LinearRegression builds suitable linear regression models,
using the Akaike criterion for model selection.
Logistic builds multinomial logistic regression models based on
ridge estimation (le Cessie and van Houwelingen, 1992).
SMO implements John C. Platt's sequential minimal optimization
algorithm for training a support vector classifier using polynomial or
RBF kernels. Multi-class problems are solved using pairwise
classification.
The model formulae should only use the + and - operators to indicate the variables to be included or not used, respectively.
Argument options allows further customization. Currently,
options model and instances (or partial matches for
these) are used: if set to TRUE, the model frame or the
corresponding Weka instances, respectively, are included in the fitted
model object, possibly speeding up subsequent computations on the
object. By default, neither is included.
Value
A list inheriting from classes Weka_functions and
Weka_classifiers with components including
classifier |
a reference (of class
|
predictions |
a numeric vector or factor with the model
predictions for the training instances (the results of calling the
Weka |
call |
the matched call. |
References
J. C. Platt (1998). Fast training of Support Vector Machines using Sequential Minimal Optimization. In B. Schoelkopf, C. Burges, and A. Smola (eds.), Advances in Kernel Methods — Support Vector Learning. MIT Press.

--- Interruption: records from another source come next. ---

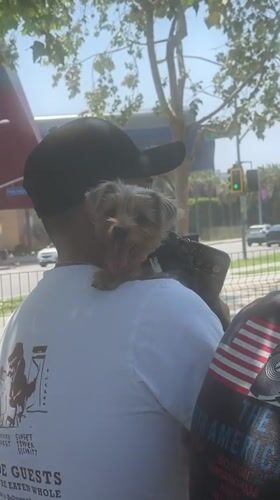 Dogs and owners enjoy sunny afternoon at West Hollywood park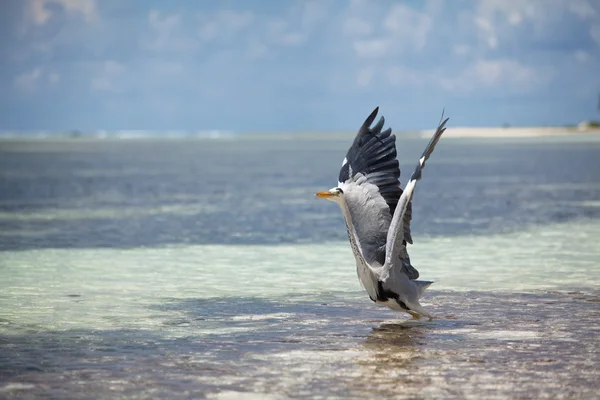 Bird on Maldives — Stock Photo, Image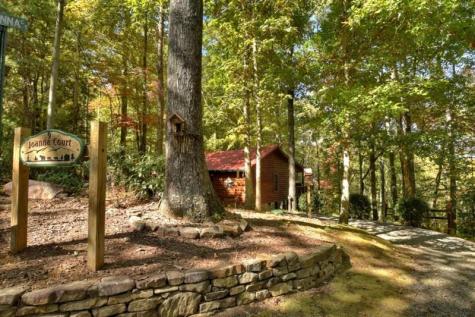 9 Joanna Court Cherry Log GA 30522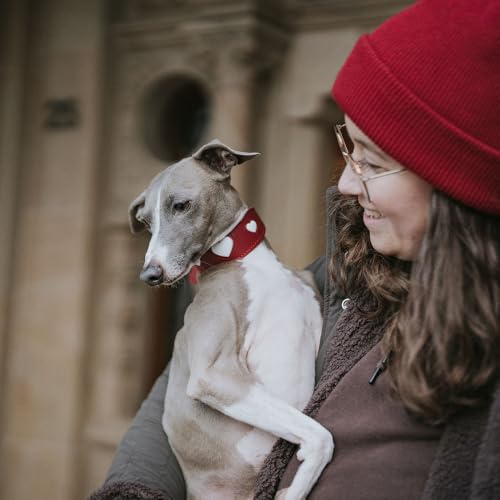 HUNTER Windhundhalsband Love, Farbe: rot/schwarz, weiches, Robustes Rindsleder, einzeln eingenähte Herzen, breitere Form, gepolstert, hoher, Made in Germany, Größe 32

I. H. Witten and E. Frank (2005). Data Mining: Practical Machine Learning Tools and Techniques. 2nd Edition, Morgan Kaufmann, San Francisco.
See Also
Weka_classifiers
Examples
## Linear regression:
## Using standard data set 'mtcars'.
LinearRegression(mpg ~ ., data = mtcars)
## Compare to R:
step(lm(mpg ~ ., data = mtcars), trace = 0)
## Using standard data set 'chickwts'.
LinearRegression(weight ~ feed, data = chickwts)
## (Note the interactions!)
## Logistic regression:
## Using standard data set 'infert'.
STATUS <- factor(infert$case, labels = c("control", "case"))
Logistic(STATUS ~ spontaneous + induced, data = infert)
## Compare to R:
glm(STATUS ~ spontaneous + induced, data = infert, family = binomial())
## Sequential minimal optimization algorithm for training a support
## vector classifier, using am RBF kernel with a non-default gamma
## parameter (argument '-G') instead of the default polynomial kernel
## (from a question on r-help):
SMO(Species ~ ., data = iris,
control = Weka_control(K =
list("weka.classifiers.functions.supportVector.RBFKernel", G = 2)))
## In fact, by some hidden magic it also "works" to give the "base" name
## of the Weka kernel class:
SMO(Species ~ ., data = iris,
control = Weka_control(K = list("RBFKernel", G = 2)))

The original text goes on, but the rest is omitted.